By Mujib Mashal and Saif Hasnat
The two black VIP vehicles, with the Bangladeshi national flag displayed on their hoods as per state protocol, were parked late last night in a parking lot on the ground floor of Dhaka University.
The cars were waiting for two students, both 26. Just a week earlier, they had been hunted down by leaders of a youth-led popular uprising against the country’s seemingly unbreakable prime minister. Now, after her astonishing ouster, the two are ministers in the country’s interim government.
In the parking lot, young women and men gathered around this most unlikely of government officials, asking questions and posing for selfies. Graffiti sprayed on a pillar at the entrance read: “Revolution is not a dinner party.”
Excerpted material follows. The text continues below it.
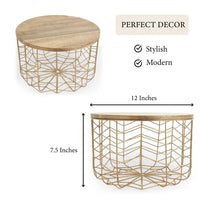 Gold Metal Basket with Wooden Lid — thumbnail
Outside, the streets of this country of 170 million people are run by students.
After overcoming a deadly crackdown and toppling Bangladesh’s iron-fisted leader Sheikh Hasina, the student protesters are now trying to chart a new course for a country that was born in a bloody rift five decades ago.
Hasina’s power had become so all-encompassing that her departure precipitated a near-total collapse of the state. A wave of violence, including revenge killings and arson, continued after her departure, with the country’s long-persecuted Hindu minority in particular living in fear. Nearly all of the country’s police officers went into hiding, fearful of reprisals for their role in the killing of hundreds of young protesters. Students regulate traffic in Dhaka, the bustling capital, checking driver’s licenses and reminding people to wear helmets. At some roundabouts, the punishments they mete out to violators are straight out of the classroom: an hour’s delay for taking a wrong turn, 30 minutes for not wearing a seat belt.
A female student, who looked no older than 16, tried to maneuver through traffic on a busy street with the zeal of an overachiever, shouting more pleas than commands at each bhaiya (Bengali for brother).
A car full of New York Times journalists was stopped by a boy who looked no older than 12. He asked to see a driver’s license.
In another corner of the city where the worst of the violence had taken place, Salman Khan, 17, and two other students manned a roundabout, occasionally pulling over the most luxurious cars. What exactly were they looking for?
“Black money, black money,” Khan said, explaining that many of Hasina’s senior officials were on the run.
The students now running this country are led by a very different figure: the 84-year-old Nobel Peace Prize winner Muhammad Yunus. He is using his legendary legacy as a helper of the poor to become the interim leader of a country in disarray. But he has accepted the mantle of a hand-picked grandfather figure for what the students describe as “generational transformation.” “I am doing this because this is what the youth of the country wanted, and I wanted to help them achieve it,” Yunus said in a briefing with reporters over the weekend. “It is not my dream, it is their dream.”
Nahid Islam, a key leader of the student protest who said he was blindfolded and tortured by security forces, described the immense pressure now placed on the movement, “even though we were not prepared for it.”